Sebuah perbincangan berbobot antara seorang junior dan senior. Bahasa gampangnya seperti itu. Orang yang secara usia terpaut puluhan tahun saling membincangkan masalah saat ini dan masa lalu.
Sudah seyogyanya orang yang senior akan lebih dominan dalam pembicaraan ini. Asam garam kehidupan, orang yang lebih senior lebih banyak dibandingkan yang lebih muda usianya.
Malam itu pembahasan yang paling intim adalah berkaitan dengan persoalan di daerah. Sebuah persoalan kecil yang itu mempunyai dampak besar bagi kehidupan sebuah wilayah kecil di pesisir selatan Jawa Timur.
Maklum beliau dulunya adalah seorang wakil rakyat yang punya karir yang dianggap orang gemilang. Ceritanya begitu indah untuk didengarkan seperti seorang penyair yang melantunkan syairnya.

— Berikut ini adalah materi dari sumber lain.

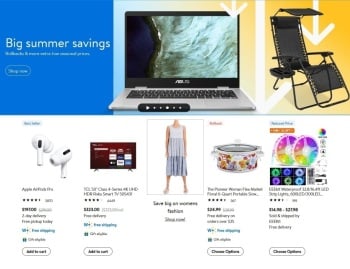 Walmart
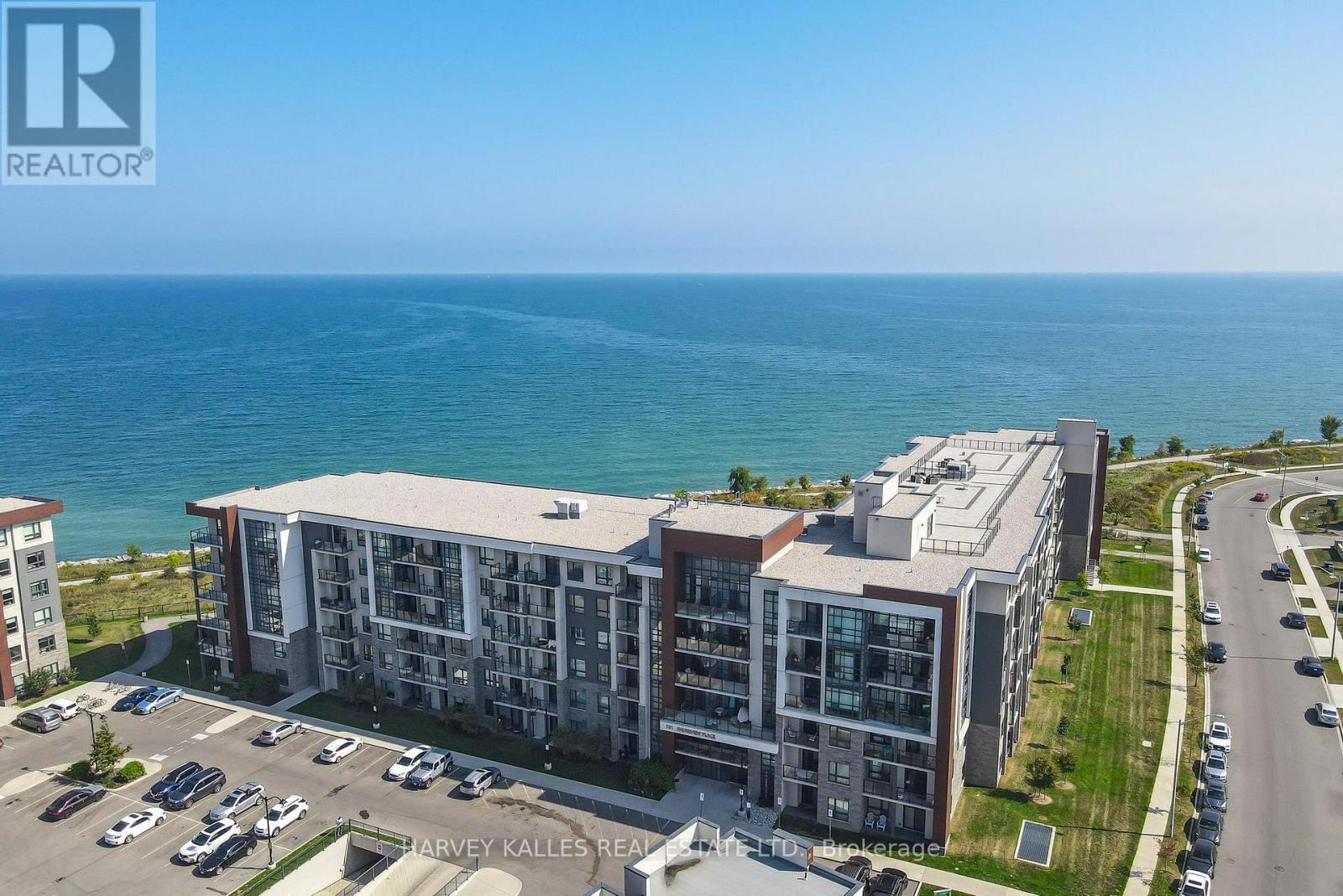 122 - 101 Shoreview Place, Hamilton, Ontario  L8E 0K2 - Photo 24 - X12886154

Sebagai seorang yang lebih muda saya begitu khidmat untuk mendengarkan apa yang dia ceritakan. Guyonan kecil tak lupa menyelingi obrolan malam itu.
Pembicaraan malam itu terasa lengkap dengan kehadiran rokok dan kopi yang menambah kenikmatan perbincangan. Kalau orang Jawa menyebutnya gayeng.

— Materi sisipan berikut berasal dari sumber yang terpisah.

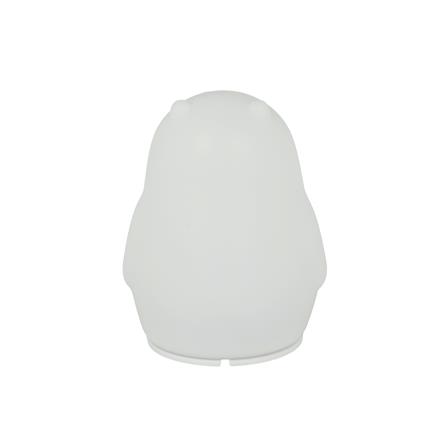 ไฟตั้งโต๊ะ LED CARINI POLAR 1.4 วัตต์ สีขาว_2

Satu jam pembicaraan dilaksanakan, ada ada lagi orang yang datang. Dari raut wajahnya dia memancarkan semangat untuk berdiskusi malam itu.

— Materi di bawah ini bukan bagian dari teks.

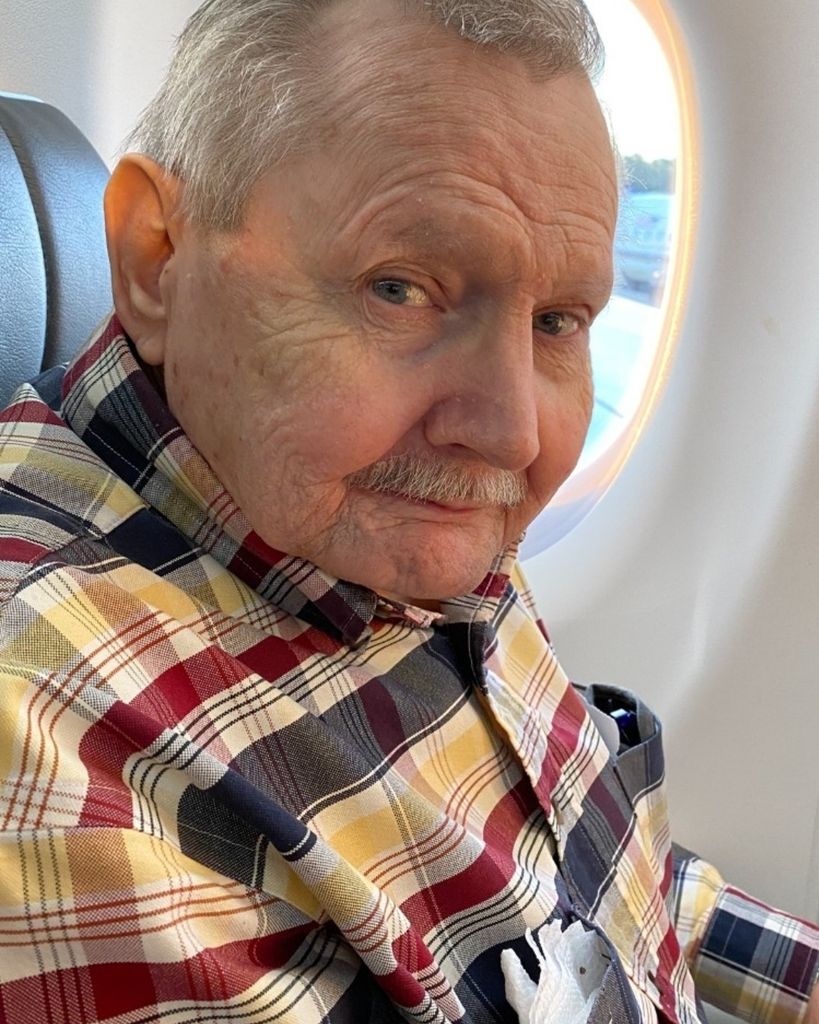 Wylie Howard Parker, Sr.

Satu jam berselang ada lagi yang datang. Pembicaraan semakin panas dan semakin menarik. Muatannya pun berbobot menambah wawasan bagi anak muda.
Memang sudah seharusnya orang yang lebih muda belajar kepada orang tua. Memang guru terbaik adalah pengalaman, tapi guru yang sebenarnya adalah mentor yang punya ketulusan hati untuk membimbing adik-adiknya.
Tak terasa obrolan itu sudah menginjak waktu dini hari. Waktu di mana orang biasanya sudah lelap dalam gelapnya malam. Tidur di kasur yang empuk berselimut mimpi indah.
Tapi tidak dengan kawanan saya malam itu. Obrolan semakin mendalam, bahkan membahas sesuatu yang saya sama sekali tidak paham. Meskipun tidak memahami, saya tetap khidmat untuk mendengarkan.
Padahal waktu dini hari adalah waktu yang paling enak digunakan untuk memejamkan mata. Jarang sekali mata saya, digunakan untuk menatap obrolan orang di waktu tersebut.
Hingga pada akhirnya waktu sudah menjelang Subuh. Saatnya saya dan kawan-kawan undur diri untuk beristirahat menatap esok hari.
Dengan sedikit kantuk, motor dilaju dengan kecepatan sedang agar cepat sampai tempat peristirahatan di rumah. Dalam benak hati semoga perbicangan itu kelak tetap berjalan istiqomah.